Öte yandan, yurdumuzda sosyal ekonomik nedenlerle kırsal kesimlerden kentlere aşırı akım, …… çoğalması, büyük mesken ve işyeri ihtiyacı nedeniyle hızlı yapılaşma karşısında görevli mercilerin aciz kalmaları veya çeşitli nedenlerle göz yummaları sonucu, izinsiz, ruhsatsız, resmi kayıtlara bağlanmayan büyük yerleşim alanları oluştuğu, bu arada paylı taşınmazların tapuda resmi ifrazları yapılmadan paydaşlar arasında haricen veya fiilen taksim edilip üzerlerine büyük mahalleler hatta beldeler yapıldığı bir gerçektir. Bilindiği üzere TMK’nin (Türk Medeni Kanunu’nun) 706., Türk Borçlar Kanunu’nun 236., TK’nin (Tapu Kanunu’un) 26. maddeleri hilafına tapulu taşınmazlarda harici veya fiili taksim ile payların mülkiyeti ana taşınmazdan ayrılamaz. Ne var ki, taşınmazın kullanma biçimi tüm paydaşlar arasında varılan bir anlaşma ile belirlenmiş yada fiili bir kullanma biçimi oluşmuş, uzun süre paydaşlar bu durumu benimsemişlerse kayıtta paylı, eylemsel olarak (fiilen) bağımsız bu oluşumun tapuda yapılacak resmi taksime veya şuyun satış suretiyle giderilmesine yahut o yerde bir imar uygulaması yapılmasına kadar korunması, “ahde vefa” kuralının yanında TMK’nin 2. maddesinde düzenlenen iyi niyet kuralının da bir gereğidir. Aksi halde, pek çok kimse zarar görecek toplum düzeni ve barışı bozulacaktır.
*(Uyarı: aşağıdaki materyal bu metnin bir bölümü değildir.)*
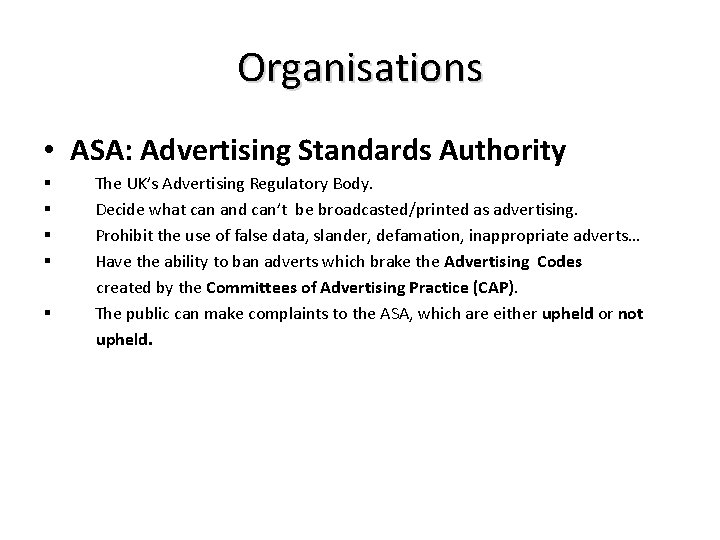 Organisations • ASA: Advertising Standards Authority § § § The UK’s Advertising Regulatory Body.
O halde, paydaşlar arasındaki elatmanın önlenmesi davalarında öncelikle tüm paydaşları bağlayan harici bir taksim sözleşmesi ve özel bir parselasyon planının olup olmadığı veya fiili kullanma biçiminin oluşup oluşmadığı, oluşan bu fiili duruma göre tarafların kullanımında olan bölümlere müdahale edilip edilmediği üzerinde özenle durulmalı, varsa, çekişmeli yerin kimin kullanımına terk edildiği saptanmalı, harici veya fiili taksim yoksa uyuşmazlık yukarıda değinildiği gibi, TMK’nin müşterek mülkiyet hükümlerine göre çözümlenmelidir.
Somut olayda Mahkemece, her ne kadar yazılı şekilde karar verilmiş ise de, davacıların dava konusu taşınmazlarda kullandığı ya da kullanabileceği bir yer olup olmadığı araştırılmadığı gibi dosya kapsamında dinlenen tanık beyanları da hüküm vermeye yeterli değildir.
Hal böyle olunca; mahkemece, davacılara tanıklarının isim ve adreslerini bildirmesi için süre ve imkan tanınması, bildirmeleri halinde, mahallinde yeniden keşif icra edilerek, davacılar ve davalı tanıklarının beyanlarının keşif mahallinde alınması, toplanacak delillere göre, davaya konu edilen taşınmaz yönünden, özel parselasyon ya da fiili kullanma biçiminin oluşup oluşmadığının, her paydaşın payına özgülenen bir kısım bulunup bulunmadığının belirlenmesi, var ise, davacılara özgülenen alana bir müdahale olup olmadığının duraksamaya yer vermeyecek şekilde belirlenmesi ve sonucuna göre karar verilmesi, özel parselasyon ya da fiili kullanma biçiminin oluşmamış olması halinde, uyuşmazlığın TMK’nin müşterek mülkiyet hükümlerine göre çözümlenmesi, bu çerçevede, davacıların taşınmazda kullandığı ya da kullanabileceği bir yer olup olmadığının açıkça saptanması ve hasıl olacak sonuca göre bir karar verilmesi gerekirken, özetlenen ilkelere uygun düşmeyecek biçimde yazılı şekilde karar verilmesi doğru olmamıştır.
SONUÇ: Davacılar vekilinin temyiz itirazları yukarıda açıklanan nedenle yerinde olduğundan kabulüyle usul ve yasaya uygun bulunmayan hükmün, 6100 sayılı HMK’nin Geçici 3.maddesi yollamasıyla 1086 sayılı HUMK’un 428. maddesi uyarınca BOZULMASINA taraflarca HUMK’un 440/I maddesi gereğince Yargıtay Daire ilamının tebliğinden itibaren ilama karşı 15 gün içinde karar düzeltme isteğinde bulunulabileceğine, peşin harcın istek halinde temyiz edene iadesine, 26.9.2018 tarihinde oy birliği ile karar verildi.